Begründete Sorge oder einfach nur ein von Vorurteilen geprägtes Menschenbild? Wenn man Bürgergeld Bedürftige in Gedanken zu Langfingern macht und von Diebstahl spricht, muss das schon Hand und Fuß haben. Heidi Reichinnek, für die Linke im Bundestag, wagt sich mit ihrer Aussage jedenfalls auf sehr dünnes Eis. Ihre Warnung steht im Kontext der Totalsanktionierung von Bürgergeldempfängern, die Jobangebote ablehnen und dann mit leeren Händen und leerem Kühlschrank über die Runden kommen müssen.
Die Folgen von Sanktionen
Totalverweigerer müssen damit rechnen, dass sie vom Jobcenter mit Sanktionen von 100 Prozent bestraft werden – bedeutet für bis zu zwei Monate Regelbedarf Entzug. Mit dieser Maßnahme zeigen Bundesarbeitsminister Hubertus Heil (SPD) und die Ampel Härte. Sie reagieren außerdem auf die zunehmende Kritik am Bürgergeld. Andere sagen: Sie haben sich von CDU, CSU und AfD aufwiegeln und vor den Karren spannen lassen. Wie dem auch sei. Betroffenen werden im Fall der Fälle nur noch die Kosten für Unterkunft und Heizung gezahlt.
Überforderte Tafeln
Heidi Reichinnek nannte es am Donnerstag (14. März) im Bundestag eine „Katastrophe“. Wutentbrannt haderte sie mit der Totalsanktionierung und der Sozialpolitik der Ampelkoalition. Sie fragte, wem die Leistungskürzungen helfen würden, und mahnte vor den negativen Folgen der Gesetzesänderung:
„Was glauben Sie passiert, wenn Sie Menschen das Geld zum Essen nehmen? Noch längere Schlangen an den überfüllten Tafeln, Diebstahl, Kredite, die nicht zurückgezahlt werden können.“
Drohende Abwärtsspirale
Die Linken-Politikerin befürchtet eine Abwärtsspirale. In diesem düsteren Bild Bürgergeld Bedürftige mit Diebstahl in Verbindung zu bringen, geht dann aber doch zu weit. Zugutehalten muss von Heidi Reichinnek, dass sie Probleme anspricht und den Umstand, dass vorher über einen verachtenswerten AfD-Antrag zum Bürgergeld abgestimmt wurde, sodass die „Stimmung“ ohnehin aufgeheizt war.

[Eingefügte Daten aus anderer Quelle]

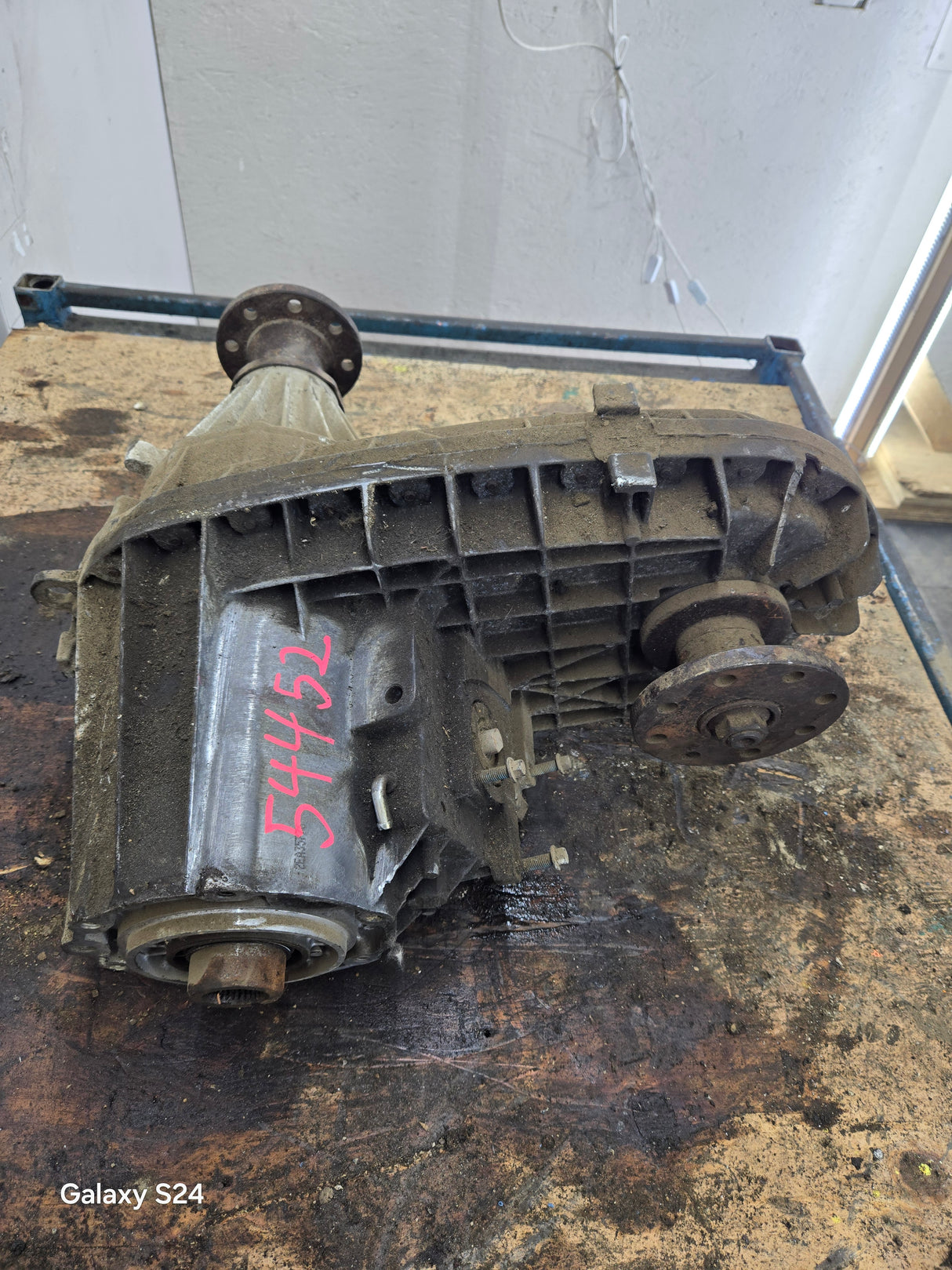 1999-2003 7.3L Power Stroke 273-F Automatic Transmission Transfer Case Electric Shift Transfer Case P1C34-7A195-JA Ford Pickup F250 F350 F450 F550 Super Duty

Dabei ging es überspitzt darum, Bedürftige in nützlich und unnütz zu unterteilen. Auf Wunsch der AfD sollte es Arbeitssuchenden-Hilfe für alle geben, die sofort wieder arbeiten können, und „Sozialhilfe-Neu“ für jene, die dem Arbeitsmarkt zumindest drei Stunden am Tag zur Verfügung stehen. Selbst die CDU sprach von einem „abwertenden Menschenbild“.